You will need prereqs no matter which nursing path you follow. Across the board all RN programs (even associates) will require a&p 1 and 2, general chem and microbiology if you haven't already taken them.

I know it seems like a step down to get an associates degree but I urge you to look into those programs if you are serious about nursing. My program was incredibly competitive because of the price and our clinical experience was unmatched by any BSN program around. Additionally I will say that I HEAR the accelerated programs don't have the best reputation for producing competent nurses due to the rushed pace and light clinical load. This surely varies from program to program but it's a major reason why I chose a solid ADN program.
posted by pintapicasso at 9:14 PM on January 1, 2017 [3 favorites]

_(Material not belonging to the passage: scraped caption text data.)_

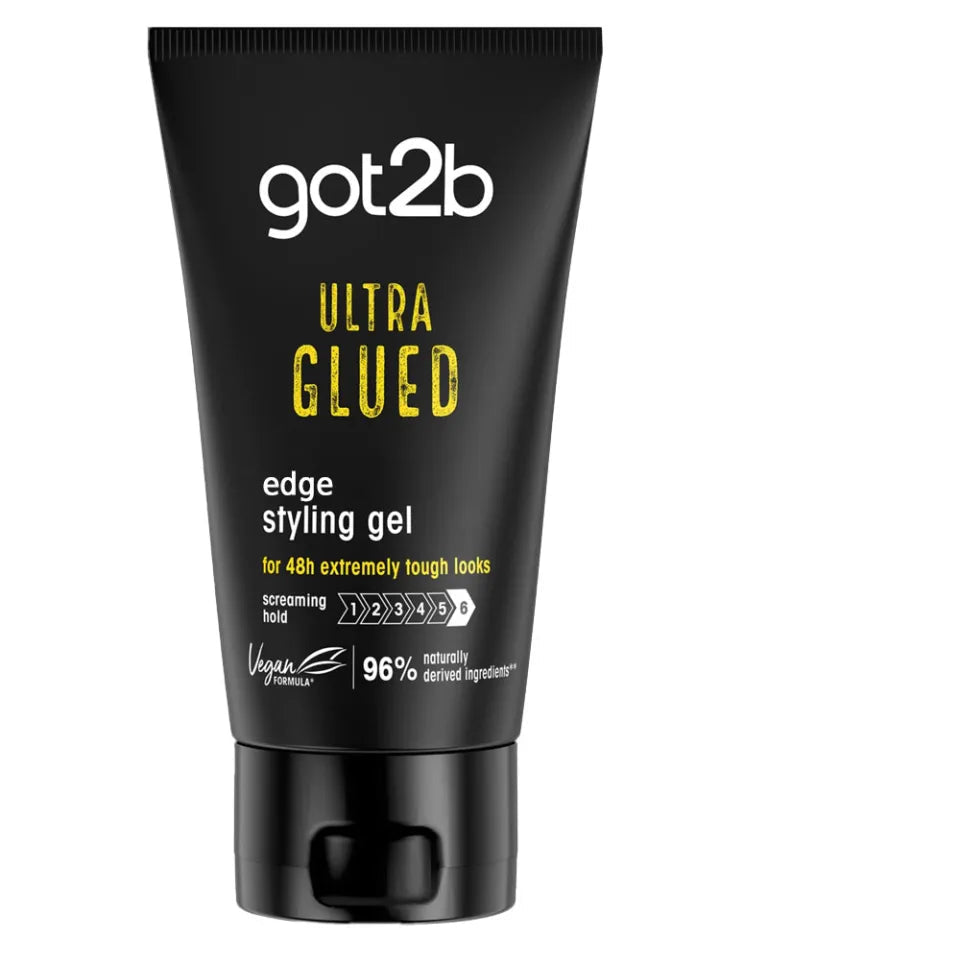 Schwarzkopf Got2b Ultra Glued Edge Styling Gel for styling and smoothing hair edges in a 4 oz container.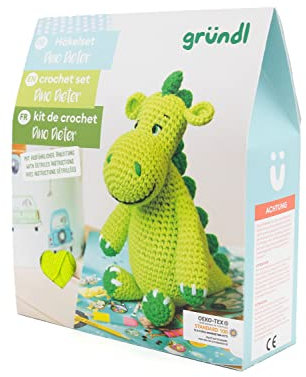 Gründl Häkelset Dino Dieter 15cm 7 Teile Kreativset Häkeln Nähen Nähset Bastelset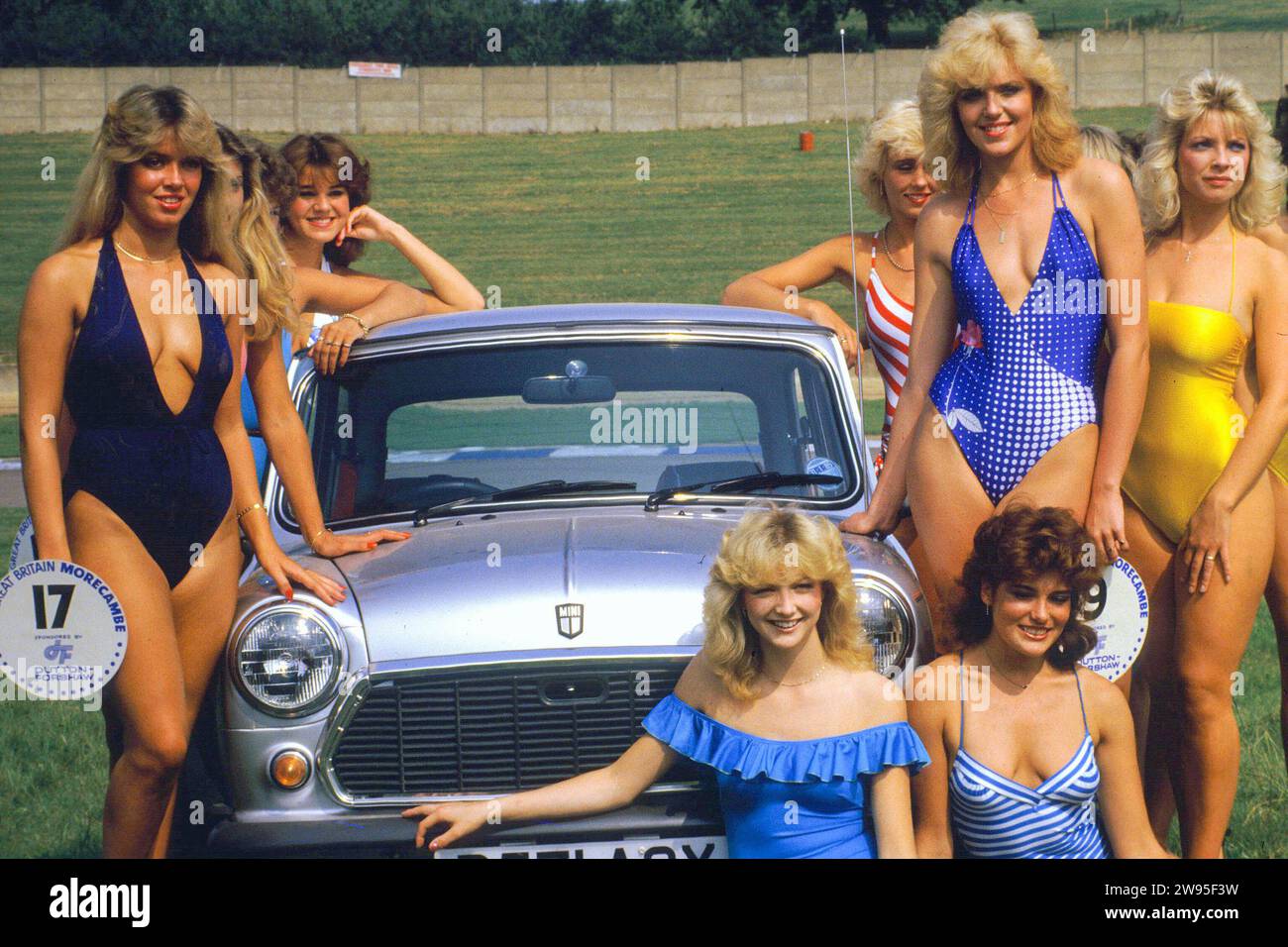 Una Miss Gran Bretagna al Donington Park nel 1984 Foto Stock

How are your quantitative/technology skills? If you've got them, I'd try to leverage those and go into an industry where you can use them. I know several archaeologists who have transitioned into IT work, and another who has gone into higher ed administration/institutional research.
posted by mogget at 10:05 PM on January 1, 2017

Canada's equivalent of an associate's degree in nursing doesn't lead to an RN - people who graduate from those programs are licensed practical nurses. Unlike in the US, it's no longer possible in most parts of Canada to become an RN without a BScN. As well, particularly in the part of Canada where the OP is, the cost differential between traditional and accelerated BScN programs is minimal, in large part because these programs are only offered by public universities and colleges - tuition ranges from about $6500-$9000/year.
posted by blerghamot at 6:26 AM on January 2, 2017 [1 favorite]

I highly recommend working as an aide or tech for at least a few months to see if nursing is right for you.